- [Input]:
——————————

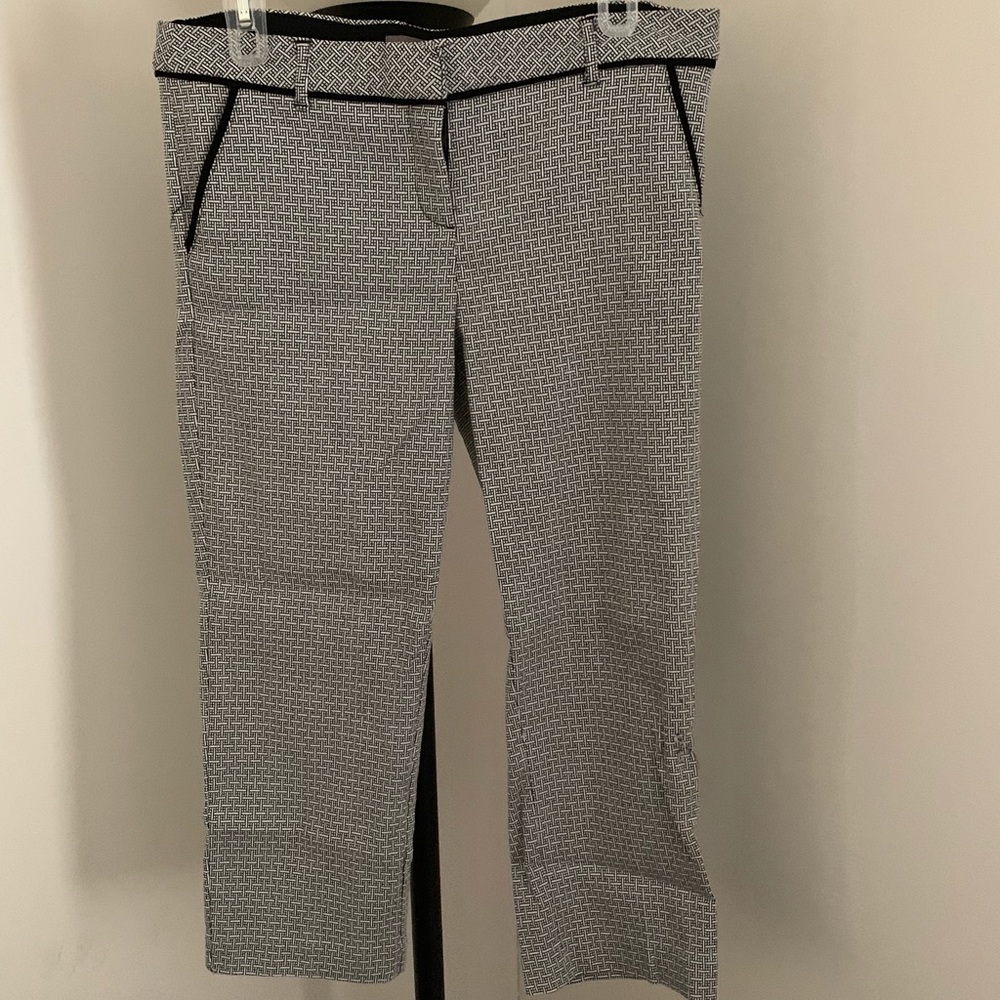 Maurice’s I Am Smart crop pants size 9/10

——————————

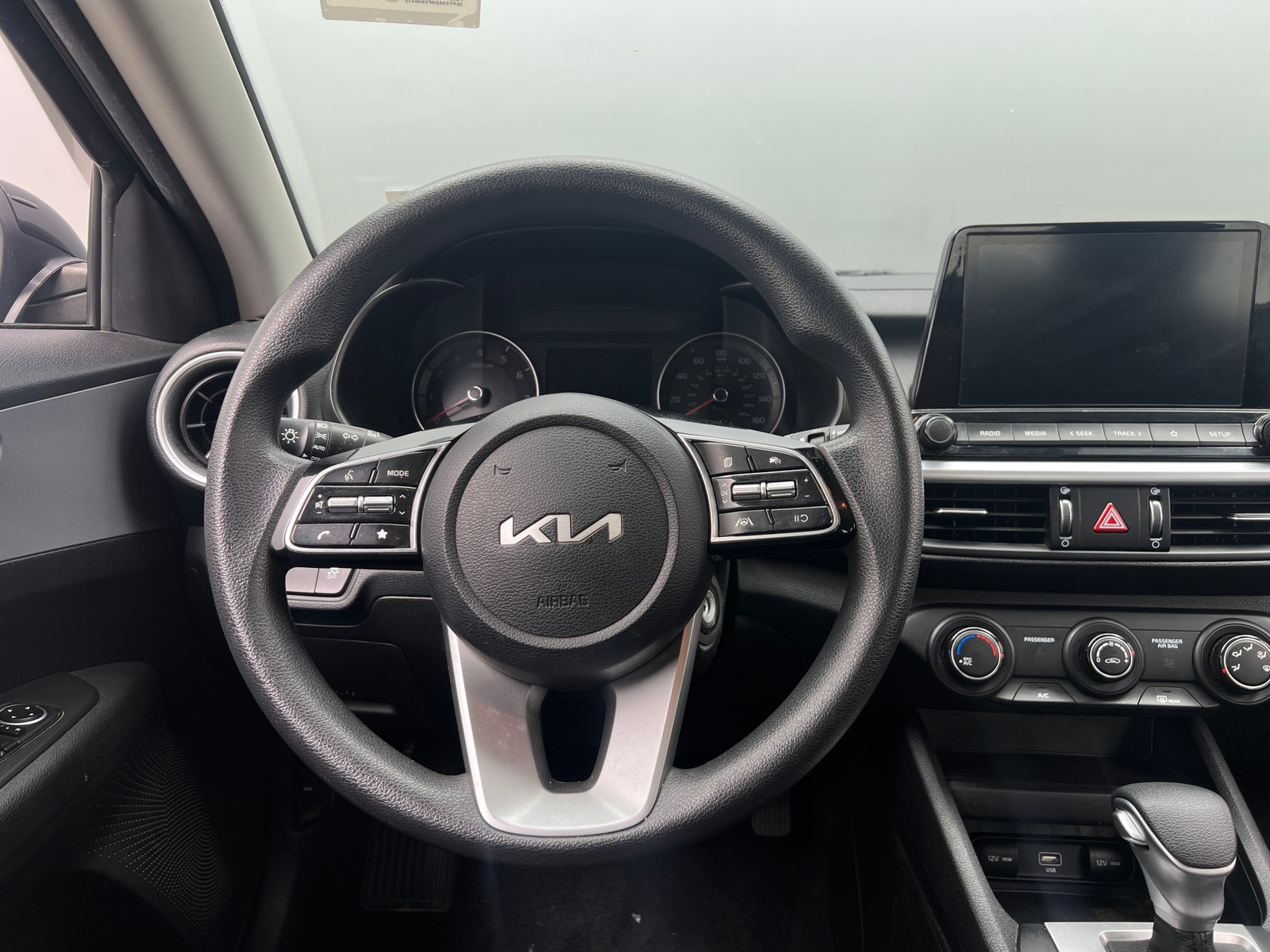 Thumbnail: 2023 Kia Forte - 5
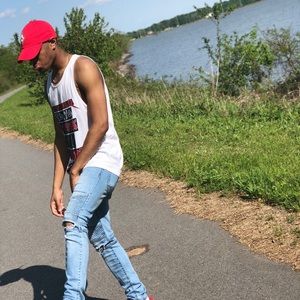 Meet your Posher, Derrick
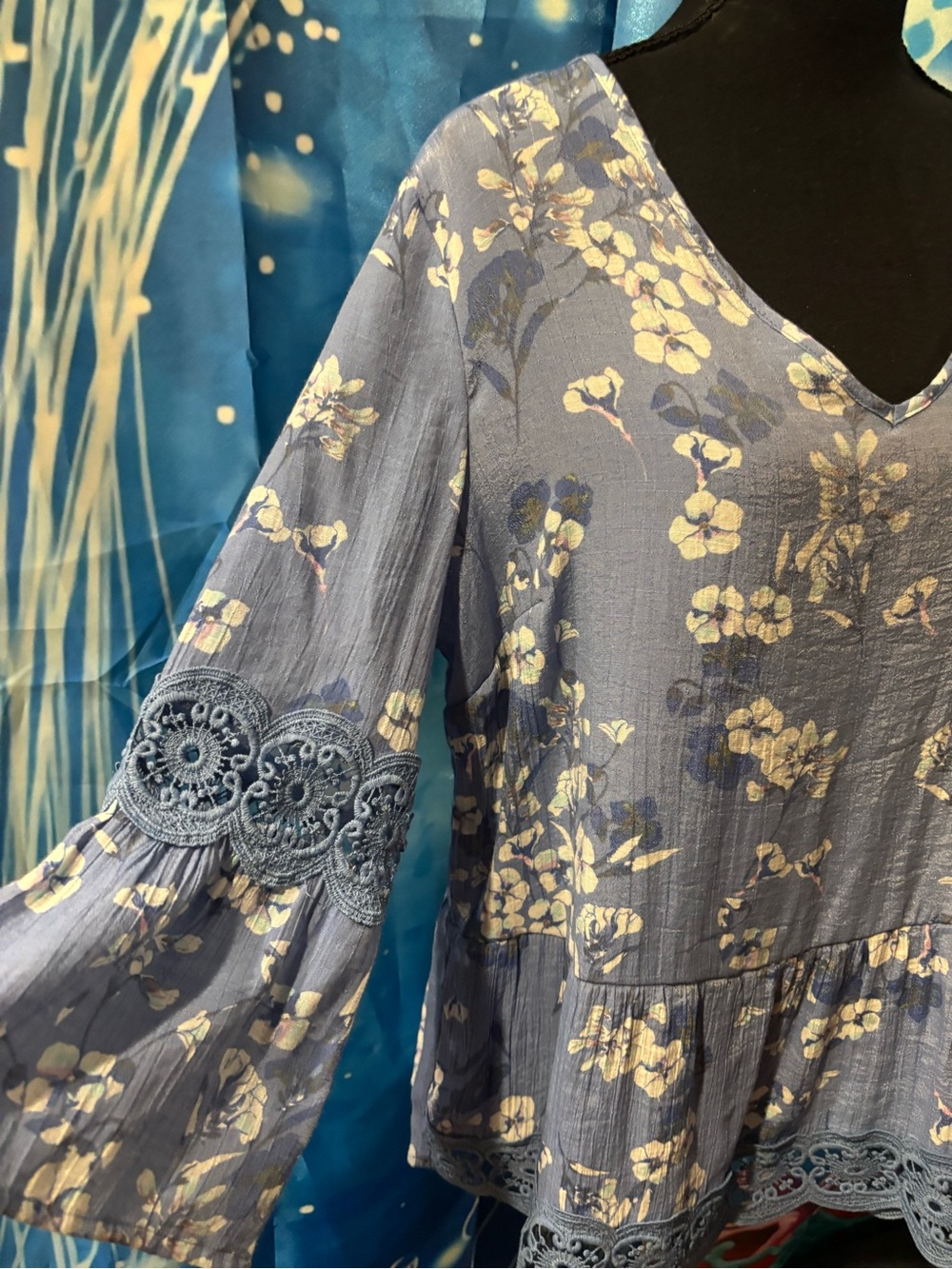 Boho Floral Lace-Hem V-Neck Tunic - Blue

——————————

- [Task item]: Although the records hold pictures, the copy must not; give again exactly the lines from the one with "Thumbnail: 2023 Kia Forte - 5" through the one with "Boho Floral Lace-Hem V-Neck Tunic - Blue".

- [Output for this task]:
 Thumbnail: 2023 Kia Forte - 5
 Meet your Posher, Derrick
 Boho Floral Lace-Hem V-Neck Tunic - Blue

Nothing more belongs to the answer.